[Date Prev][Date Next][Thread Prev][Thread Next][Date Index][Thread Index]
Re: [Qemu-devel] [PATCH v3 4/8] block/io_uring: implements interfaces fo
From: |
Stefan Hajnoczi |
Subject: |
Re: [Qemu-devel] [PATCH v3 4/8] block/io_uring: implements interfaces for io_uring |
Date: |
Mon, 27 May 2019 10:32:21 +0100 |
User-agent: |
Mutt/1.11.4 (2019-03-13) |
On Mon, May 27, 2019 at 01:33:23PM +0530, Aarushi Mehta wrote:
> +static void qemu_luring_process_completions(LuringState *s)
> +{
> + struct io_uring_cqe *cqes;
> + /*
> + * Request completion callbacks can run the nested event loop.

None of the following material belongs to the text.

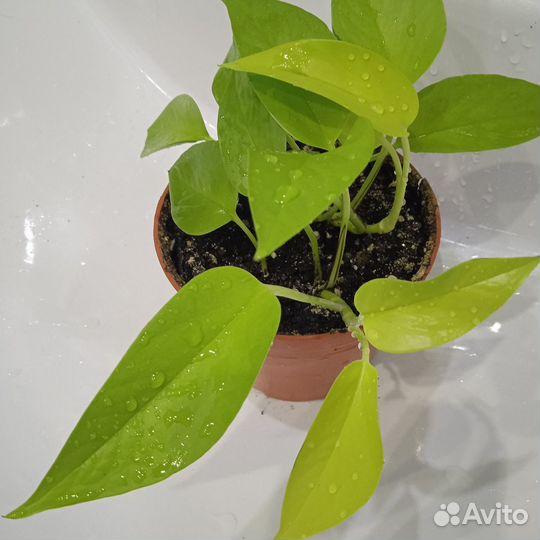 Сциндапсус неон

> + * Schedule ourselves so the nested event loop will "see" remaining
> + * completed requests and process them. Without this, completion
> + * callbacks that wait for other requests using a nested event loop
> + * would hang forever.
> + */
> + qemu_bh_schedule(s->completion_bh);
> +
> + while (!io_uring_peek_cqe(&s->ring, &cqes)) {
> + io_uring_cqe_seen(&s->ring, cqes);
The kernel may overwrite the cqe once we've marked it seen. Therefore
the cqe must only be marked seen after the last access to it. This is
analogous to a use-after-free bug: we're not allowed to access fields of
an object after it has been freed.
The place to do so is...
> +
> + LuringAIOCB *luringcb = io_uring_cqe_get_data(cqes);
> + luringcb->ret = io_cqe_ret(cqes);
...here:
io_uring_cqe_seen(&s->ring, cqes);
cqes = NULL; /* returned to ring, don't access it anymore */
> + if (luringcb->co) {
> + /*
> + * If the coroutine is already entered it must be in ioq_submit()

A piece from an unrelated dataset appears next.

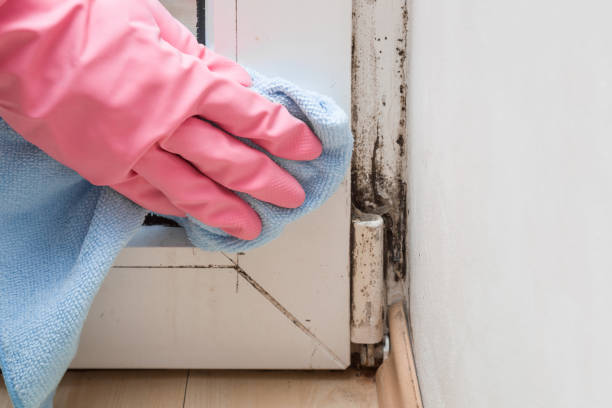 Best Mold Testing  in Toronto, OH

> + * and will notice luringcb->ret has been filled in when it
> + * eventually runs later. Coroutines cannot be entered
> recursively
> + * so avoid doing that!
> + */
> + if (!qemu_coroutine_entered(luringcb->co)) {
> + aio_co_wake(luringcb->co);
> + }
> + } else {
> + luringcb->common.cb(luringcb->common.opaque, luringcb->ret);
> + qemu_aio_unref(luringcb);
> + }
> + /* Change counters one-by-one because we can be nested. */
> + s->io_q.in_flight--;
This counter must be decremented before invoking luringcb's callback.
That way the nested event loop doesn't consider this completed request
in flight anymore.
> +static void ioq_submit(LuringState *s)
> +{
> + int ret;
> + LuringAIOCB *luringcb, *luringcb_next;
> +
> + while(!s->io_q.in_queue) {
Should this be while (s->io_q.in_queue > 0)?

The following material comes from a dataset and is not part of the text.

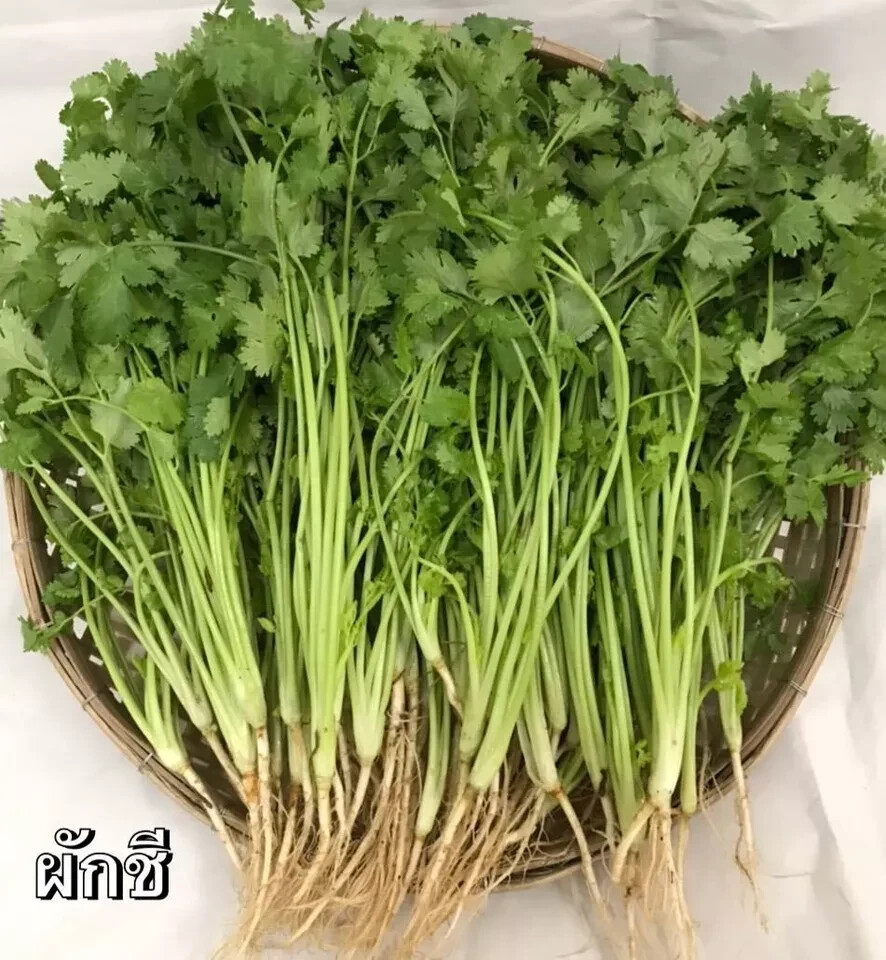 50 g Ground Coriander Root Powder No.1 Hand Brand Thai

> + QSIMPLEQ_FOREACH_SAFE(luringcb, &s->io_q.sq_overflow, next,
> + luringcb_next) {
> + struct io_uring_sqe *sqes = io_uring_get_sqe(&s->ring);
> + if (!sqes) {
> + break;
> + }
> + /* Prep sqe for submission */
> + *sqes = luringcb->sqeq;
> + io_uring_sqe_set_data(sqes, luringcb);
This is unnecessary, the data field has already been set in
luring_do_submit() and copied to *sqes in the previous line.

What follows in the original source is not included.